Use this as a mental checklist when the interviewer finishes describing the system.

Question to Ask Yourself If Yes → Chapter
Is the read:write ratio > 10:1? Caching, CDN, read replicas Ch. 1
Are writes > 10K/sec? Sharding, batching, LSM storage Ch. 2
Can two users modify the same thing simultaneously? Locking, OCC, reservations Ch. 3
Do users need to see updates without refreshing? WebSocket, SSE, pub/sub Ch. 4
Does any operation take > 5 seconds? Queue, workers, job tracking Ch. 5
Does the workflow span multiple services? Saga, idempotency, compensation Ch. 6
Are files > 1MB involved? Presigned URLs, chunking, CDN Ch. 7

If you answer "no" to all of these, you're probably looking at a straightforward CRUD application — and the interview is testing something else (data modeling, API design, or access patterns).

Patterns That Pair Together

Some patterns almost always appear together. If you use one, expect to need the other.

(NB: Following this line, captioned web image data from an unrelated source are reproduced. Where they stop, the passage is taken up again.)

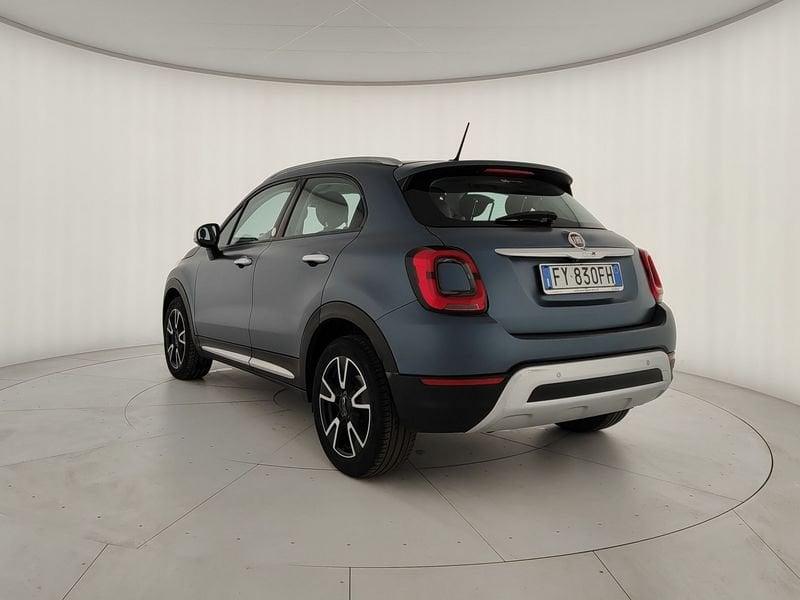 FIAT 500X 1.0 T3 120 CV City Mirror Cross - OK PER NEOPATENTATI !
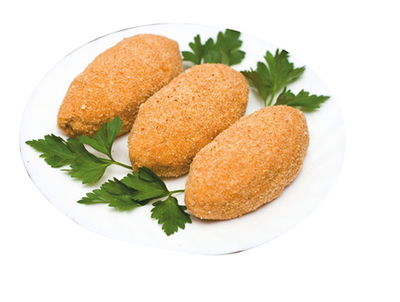 Котлеты «Тихоокеанские» (полуфабрикат)400гр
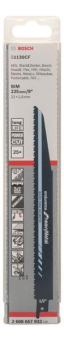 Bosch 25Säbelsägeblatt S 1130 2608657932 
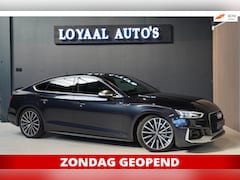 Audi A5 Sportback - 2.0 TFSI MHEV Sport S-line Edition | AUT | XENON | LEER | APK | NAP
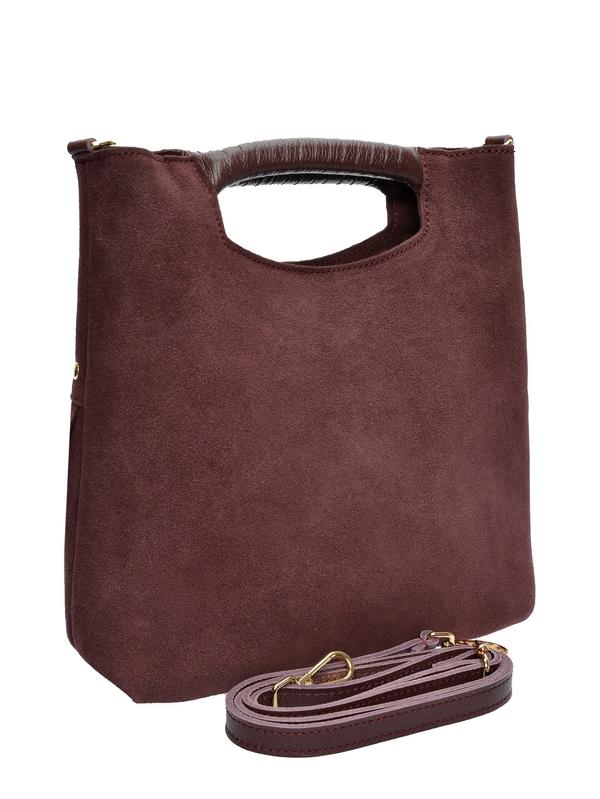 Luisa Vannini AW25 LV WH 8189T BORDO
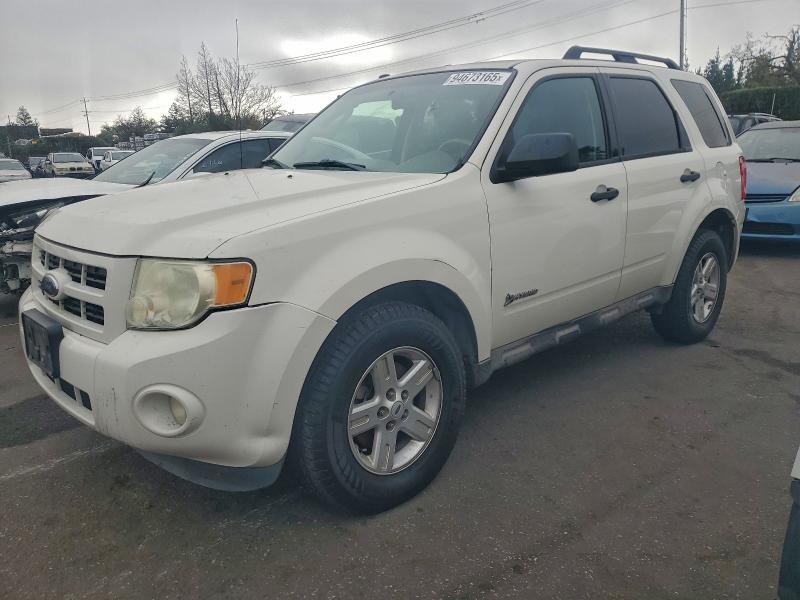 2009 FORD ESCAPE HYB #3309649993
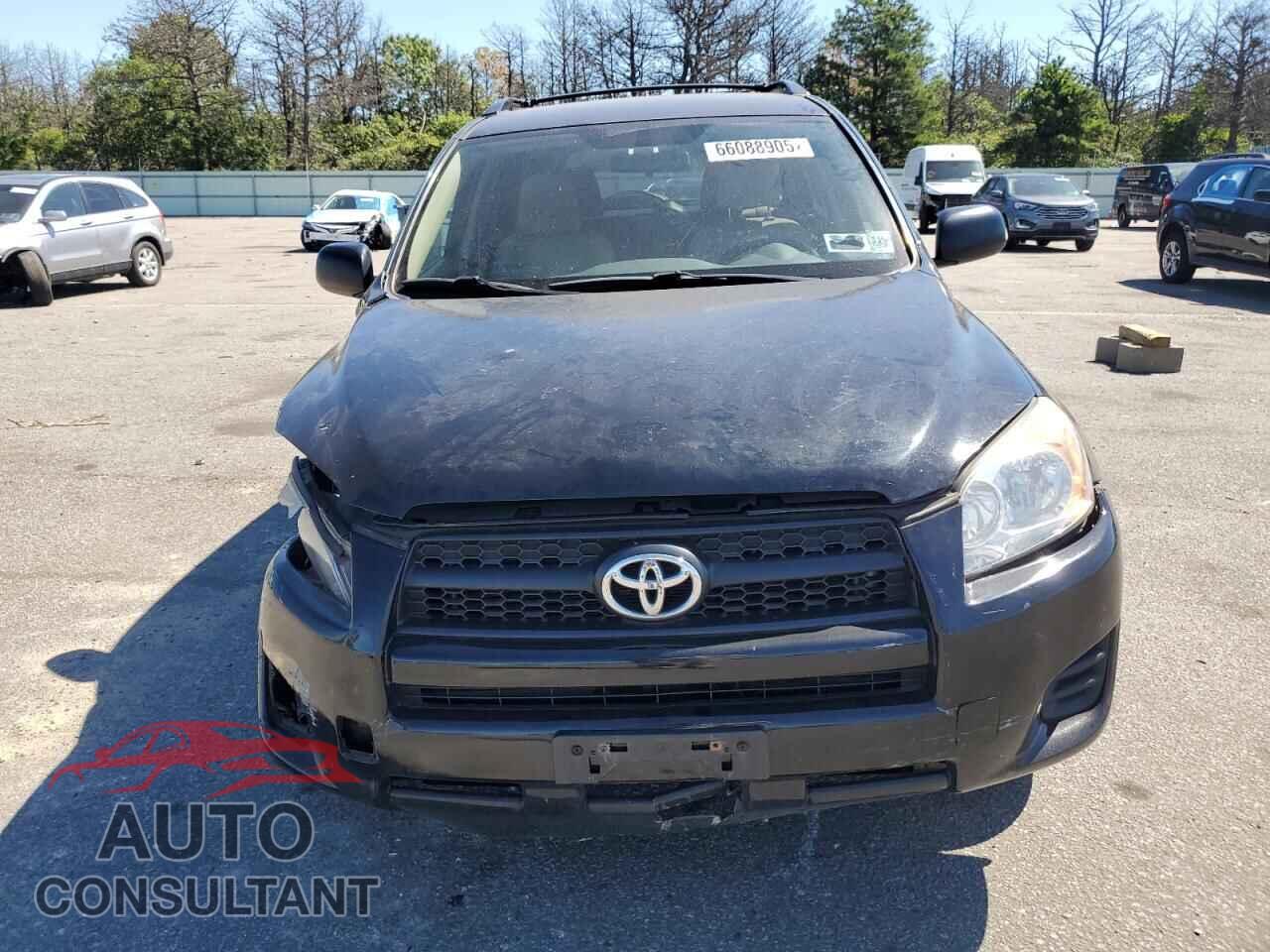 TOYOTA RAV4 2012 - 2T3BF4DV0CW195022
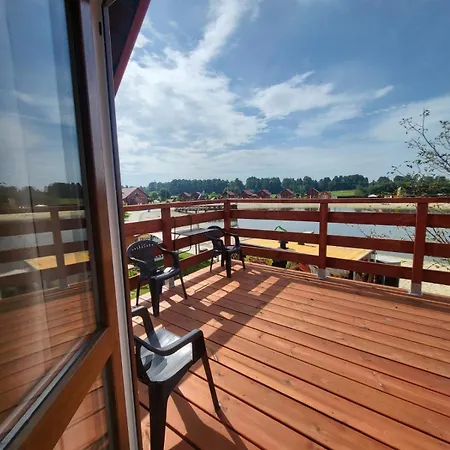 Osrodek Wypoczynkowy Sloneczny Brzeg Holiday home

If You Use... You'll Probably Also Need... Why
Async Processing Push Architecture Users need to know when the job finishes
Large Files Async Processing Processing large files (transcode, resize) is never instant
Distributed Workflows Concurrency Control Saga steps often involve shared resources
Scaling Writes Scaling Reads High-write systems still need to serve the aggregated data
Concurrency Control Async Processing Overflow traffic goes into a waiting queue

What This Course Did Not Cover

This course focused on architecture patterns — the recurring structural solutions to system design problems. It intentionally did not cover:

  • API design — endpoint naming, pagination, versioning, rate limiting contracts
  • Data modeling — schema design, normalization vs. denormalization, access pattern analysis
  • Networking fundamentals — DNS, TCP/UDP, TLS, HTTP/2, gRPC

Those are covered in their own courses. Architecture patterns assume you already know how to design an API and model your data. They sit one level above, answering: "Given the data model and APIs, how do I build a system that handles the load, maintains consistency, and stays responsive?"

The One-Page Summary

┌─────────────────────────────────────────────────────────┐
│                  ARCHITECTURE PATTERNS                   │
│                                                          │
│  Signal              →  Pattern                          │
│  ──────────────────────────────────────────────────────  │
│  Read-heavy          →  Cache + Replicas + CDN           │
│  Write-heavy         →  Shard + Batch + LSM              │
│  Contention          →  Lock + Reserve + Retry           │
│  Real-time           →  WebSocket + SSE + Fan-out        │
│  Slow operations     →  Queue + Workers + Progress       │
│  Multi-service       →  Saga + Idempotency + Compensate  │
│  Large files         →  Presigned + Chunk + CDN          │
│                                                          │
│  Spot the signal. Name the pattern. Apply the technique. │
│  The Question Breakdowns show the full assembly.         │
└─────────────────────────────────────────────────────────┘

You now have the building blocks. The Question Breakdowns course shows you how to assemble them into complete system designs.